Tek tek ele alalım :
2011 yılından önce herkesin imrendiği bir hayatım vardı. yaşıtlarıma nazaran varlıklıydım. yakışıklı ve güzeldim. onlarca sevgilim olmuştu. fakat çok erken yaşta sıkıldım bunlardan.
Bunda kendi başına bir problem yok ama işte şu kafa (oneitis + aşkitis) adamı yakar :
Insan bir kere masala inanmasın, karşısına oneitisi çıkıyor (daha doğrusu karşısına çıkan ve kendisine ilk ilgi gösteren (ya da tahammül edebilen) hatuna fantezisini yansıtıyor.
onunla 2011 yılının sonlarına doğru tanışmıştık. ilk gözlerini gördüğüm anda evleneceğim kadın bu demiştim. gerçekten de öyle oldu.
Mavi hap tam güç devreye giriyor ve yarış atından (en azından kendi iddiası) at gözlüklü, çuvala sıçan yük beygiri yaratma süreci başlıyor. İlk gözlerini gördüğünde evleneceğim kadın bu dediğin an bittin zaten.
bir sıkıntısı, sorunu oluyordu ben kendimden vazgeçip ona adıyordum kendimi.
Bir erkeğin, bir kadının saygısını kaybetmesinin en kestirme yollarından biri bu.
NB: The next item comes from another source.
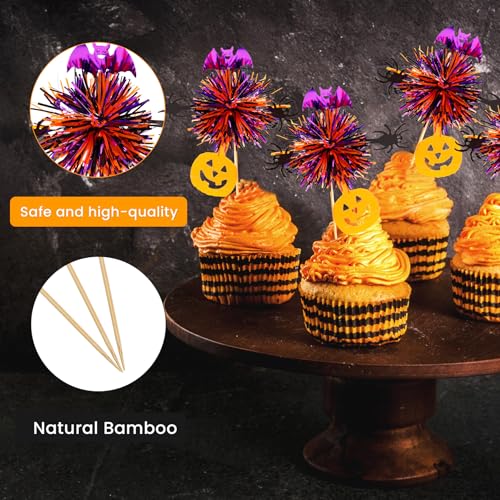 Halloween Firework Cupcake Toppers - 24 Pcs Spooky Pumpkin Bat Spider Decorations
Nankörlük falan demeyin, bu adam kendinden iyi bir insan olduğu için değil, kadın için sonuna kadar çabalamazsa kaybederim korkusu yüzünden vazgeçiyor. Bu zayıflığı her kadın fark eder. Bir de üstüne kadının bu adam omurgalı mı, omurgasız mı diye yaptığı testlere bile böyle atlıyorsa sıçar.
Gözünün dışarıda olmamasında sorun yok. Ama şu aşırı duygu yüklü “saçları elime değse suçlu hissediyordum” duygusallığı çok sakat. Bu aşamada eleman tanrıçasına layık olmayan bir ölümlü olduğunun farkında olarak kendisinin ona yetmeyeceğini düşünüyor ve açığı sürekli ödeyerek, çabalayarak ve böyle romantik kelimelerle yaltaklanarak kapamaya çalışıyor. Tabii ki bunu rasyonelleştirecek ve şöyle diyecek :
evlilik teklifim bile muhteşemdi. yoktan var ederek yapmıştım.. yeni yeni dizilerde, filmlerde rastlıyorum bizim 7 yıl önce yaşadığımız sahneyi.. ben mecnundum, romeoydum, tristandım, ben aşktım.
Şimdi dönüp bakınca sen neymişsin görüyorsundur umarım diyeceğim de görse bunu yazmaz.
Bu aşamada yıllardır çiğnediği önemli kurallardan birini etkisini ağır şekilde görmeye başlıyor.
yavaş yavaş içimde ki sıkıntıların nedenini fark etmeye başlamıştım. ben 10 adım atıyorsam o 1 adım atıyordu.
Onun sadece bir adım atmasının en büyük nedeni zaten senin her halta 10 adım atman.
belli bir zaman sonra bu koymaya başlamıştı. ama hep teselli ediyordum kendimi ilerde düzelecek. düzelecek. düzelecek.. (düzelmedi..)
Sen davranışını düzeltmezsen yani kendini geri çekmezsen nasıl düzelsin, neden düzelsin? Azıcık soğukluk yapsa, o 10 adımı 20 adım yapacak kadar bu kadına muhtaç olmuşsun.
ben onu yüceltirken, o beni aşalıyordu resmen..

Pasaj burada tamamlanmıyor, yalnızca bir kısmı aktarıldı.